"Cool, look that that little plastic tank! Is it a Tiger?"
[Sigh… it's a Panzer IV]
The above highlights precisely the type of gamers that will and won't love Memoir 44. Moving beyond the rather odd name - I'm not sure this really conveys the D-Day Landings, eh? - this is a beautifully lightweight wargame offering you the chance to move little plastic soldiers, guns, and tanks across a board marked out in hexes.
Now, most wargames involving hexes are almost certainly guaranteed to bring a tear of pain to a beginner's eye. They're generally not too easy to just pick up and play, requiring a few hours of rules reading before you can get started (in my experience). Memoir 44 is the polar opposite of this - quick to set up and simple to understand. Unlike many World War Two games, Memoir 44 is highly abstracted: all tanks work in the same way (no armour differences or firepower modifiers), all infantry work in the same way (and ignore the effects of platoon and company level support options), and all artillery - you've guessed it - work in the same way. So if you're looking for data over-crunch, move swiftly on without looking inside the box.
However, if you're looking for a war-themed game that is driven by a clever card-playing mechanism, and comes in a box packed to the rafters with toy soldiers 'Just Like I Used To Play With As A Kid'… read on my friend.

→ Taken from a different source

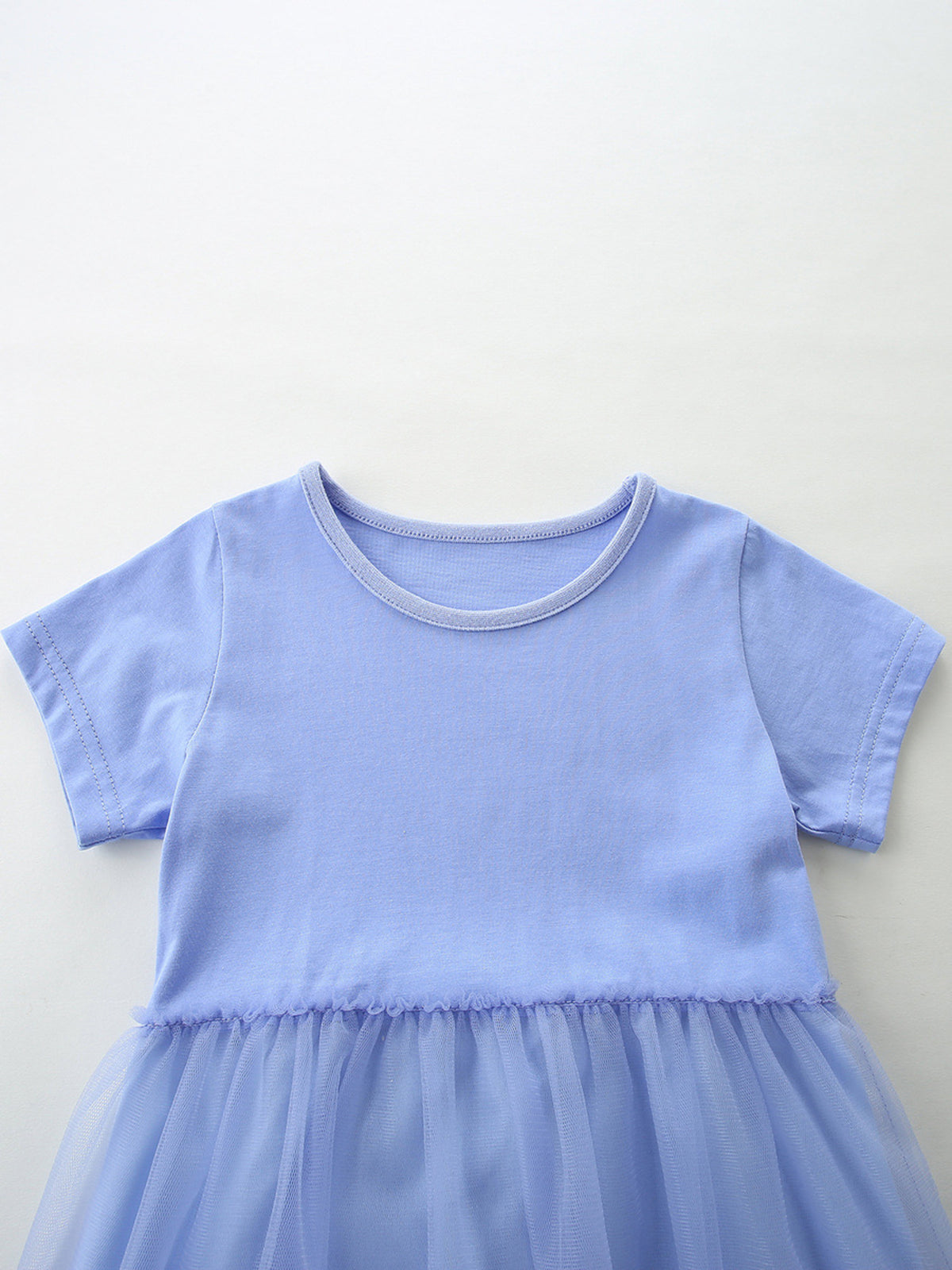 Blue Horse Embroidered Tulle Dress — round neckline and short sleeves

The game contains over a dozen scenarios based on the action in North West Europe on and after D-Day, 1944. Each scenario sets up differently, using cardboard terrain counters on the plain hex board to build something approaching the landscape of the real-life battle about to be refought. Axis and Allie players lay their units out as per the set up - often in an asymmetric match up - and away you go. What you can do each turn is governed by the command cards you hold - these allow you to activate a certain number of units in one or more sectors of the board, and card management is equally as important as any other ability in this game.
Conclusion: Memoir 44 is based on the older Battle Cry game, but moves the action from the American Civil War to World War Two with a smooth grace. So long as you're expecting a light, abstract war-themed game, rather than a simulation of the D-Day Landings, and so long as you're not so caught up in rivet counting to forget that a game should be fun, Memoir 44 is a game you should check out.